I'm not sure why people are so disbelieving of Steris being the Kandra. As some people have pointed out not all Kandra follow Sazed. Some seem to be rogue. And if Uncle Ladrian is going to want a spy there would be no better than her. He had plenty of time to torture copious amounts of information from her and have her replaced before she is rescued and as previously stated, she has no allomantic powers to speak of. Not to mention all you hopeless romantics will enjoy it when she is outed and Wax can go after Marasi.

That being said... the Constable makes a pretty decent case too. Kandra working for Sazed who wants Wax involved with the law enforcement in town. But there might be something else going on with the Constable, some bribe or even his own religious affiliation. He has a slight lead on Steris, but she is still plausible.

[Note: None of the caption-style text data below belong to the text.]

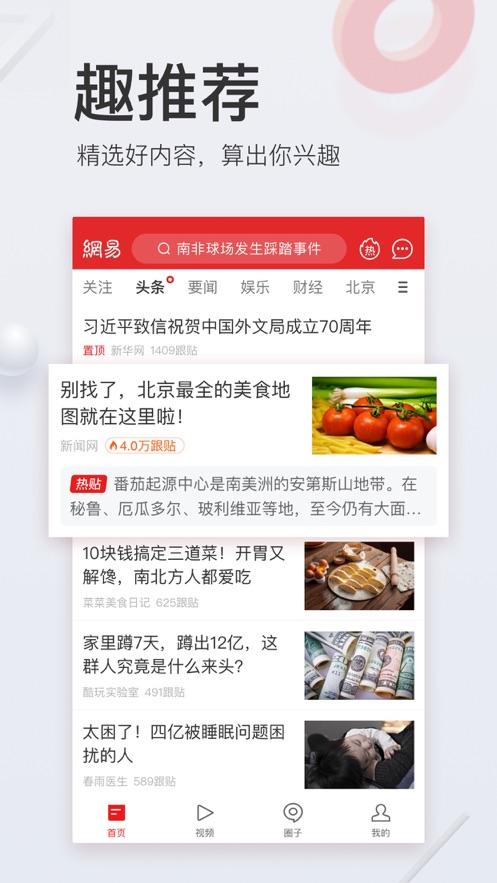 溢言手机软件app截图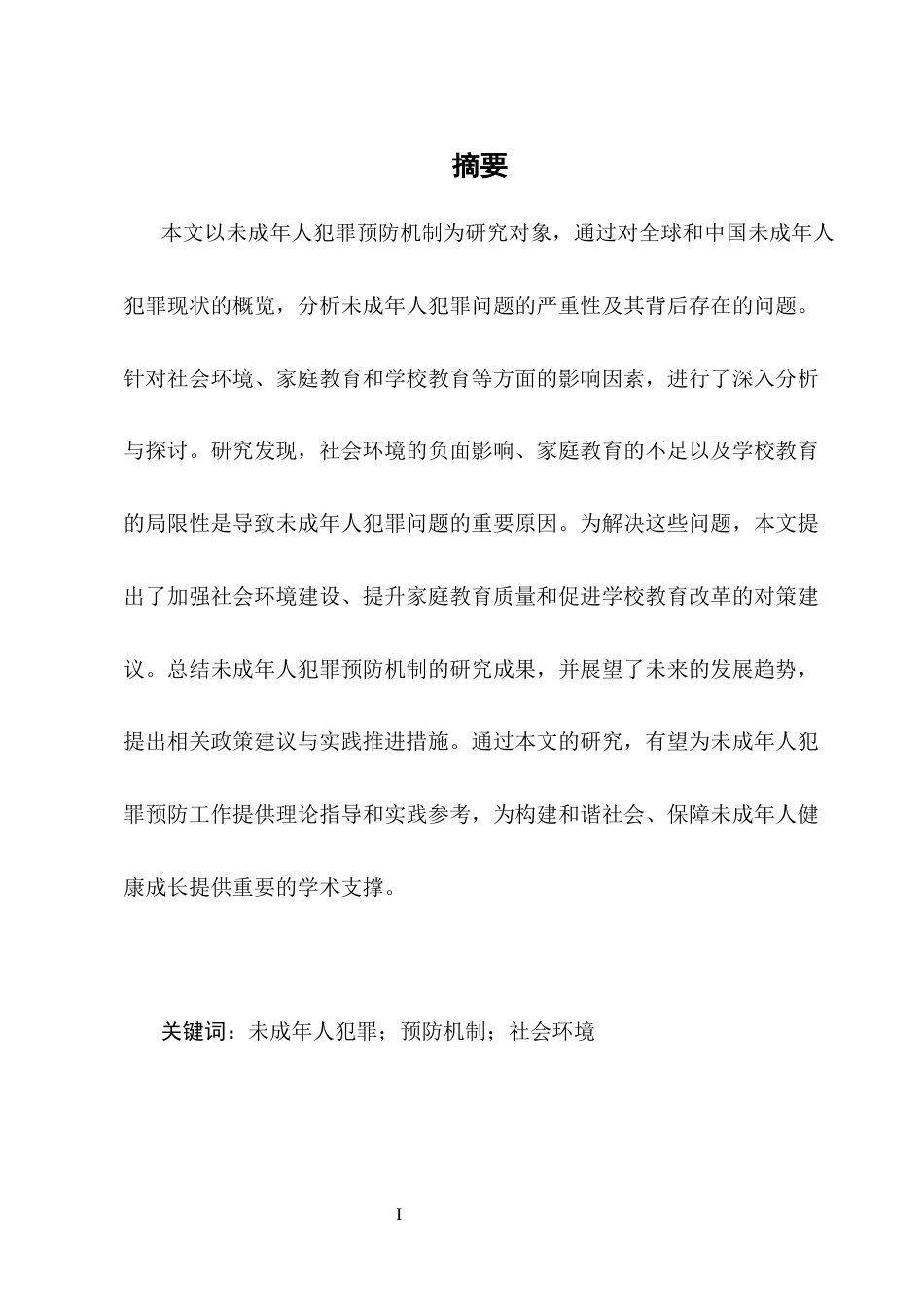 25年CH法学-未成年人犯罪预防机制研究-约7375字符.docx_第1页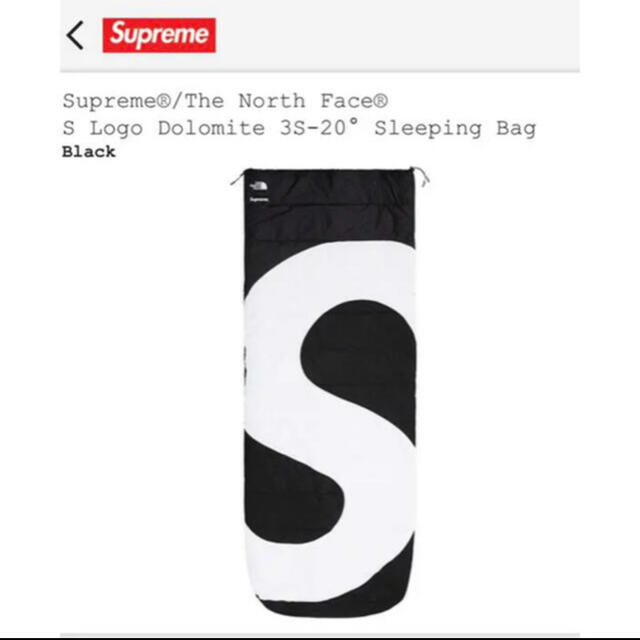 Supreme(シュプリーム)のSupreme The North Face S Logo Dolomite スポーツ/アウトドアのアウトドア(寝袋/寝具)の商品写真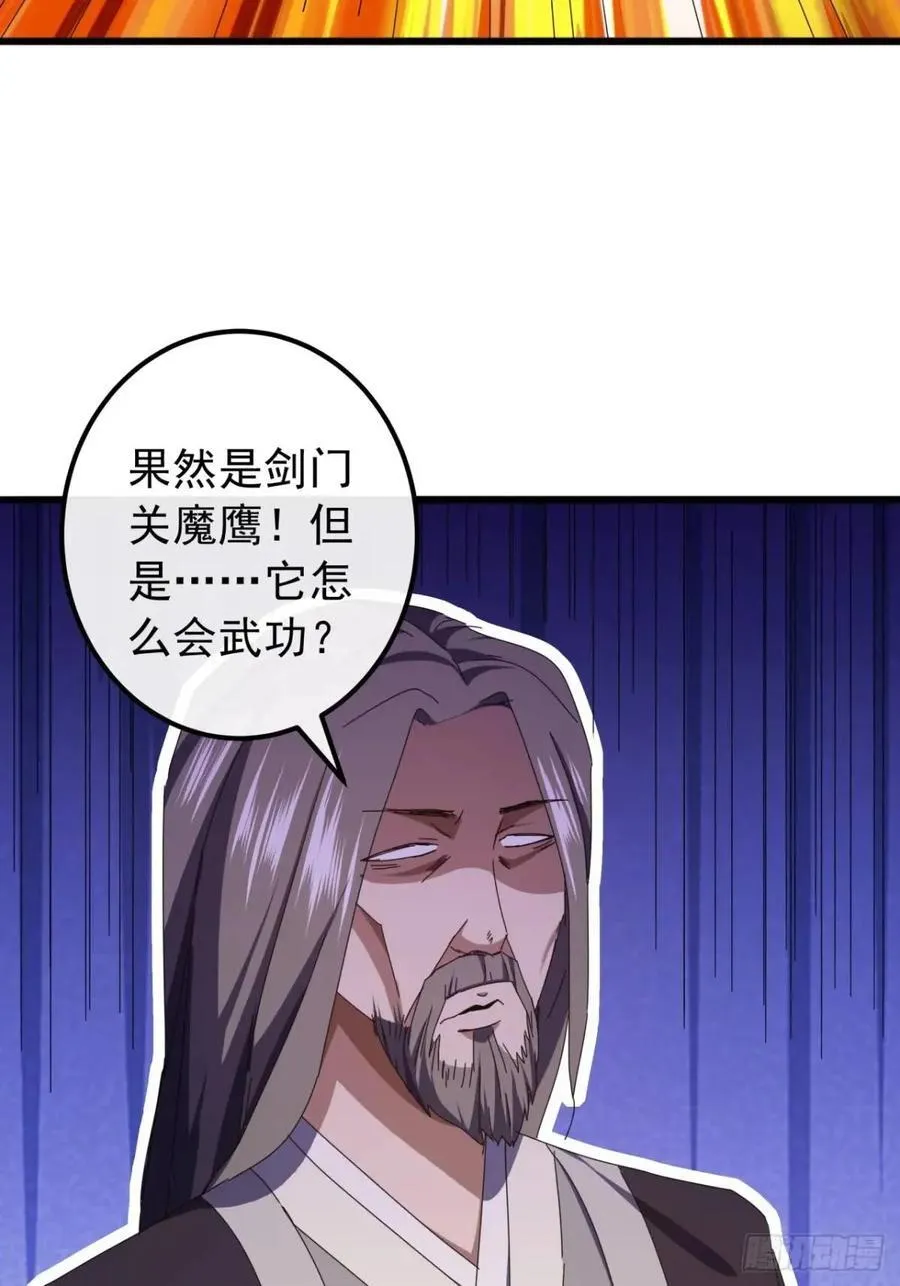 45话 朱长龄的一阳指 第38页
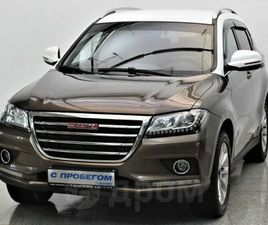 HAVAL H2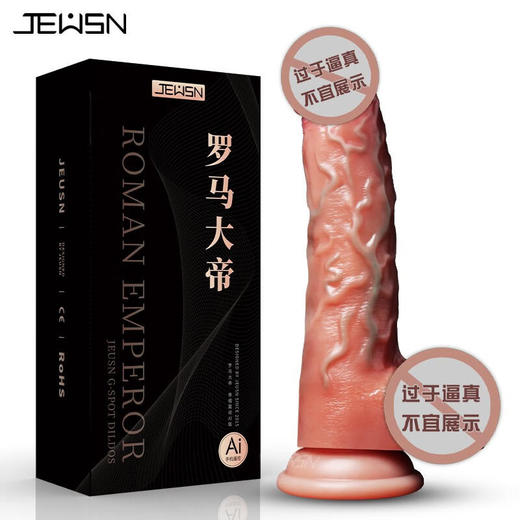 JEUSN 仿真假阳具罗马大帝AI版（伸缩+加温） 商品图1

Wax's uncle being Mister Suit wasn't exactly hard to guess. Between Miles talk of him "disinheriting" and the butlers suicide bombing pretty much sealed it. Still a cool confrontation scene.

Marsh's entrance was pure win. His name dropping and whatnot caused a lot of nostalgia in a short scene. I had a theory that Marsh was using Cadmium to hustle through time, but I guess Sanderson has confirmed Marsh's use of the Lord Rulers youth trick.

I've got to say this new Twinborn mess is awesome. It's going to start a wide flow of fanfiction that I might participate in. I really want to see what it would be like to have a professional gambler who was a Chromium ferring.

The reason this book catches a lot of flack is because of it's super generic plot. Cargo theft and kidnapping in the old west? Right out of the book. I loved the characters, but Wax being a retired lawman with a haunted past isn't exactly original. However I do believe Sanderson does this on purpose. This was suppose to connect two trilogies over an extended time skip. To keep the change more subtle and easy to follow he kept a generic plot and let the fireworks show with his character development and awesome metal magic tweaks. It makes sense, but this seems to be where he loses a lot of support. I understand it but it didn't appeal to the masses.

There's more here to discuss, but I need to read it one more time.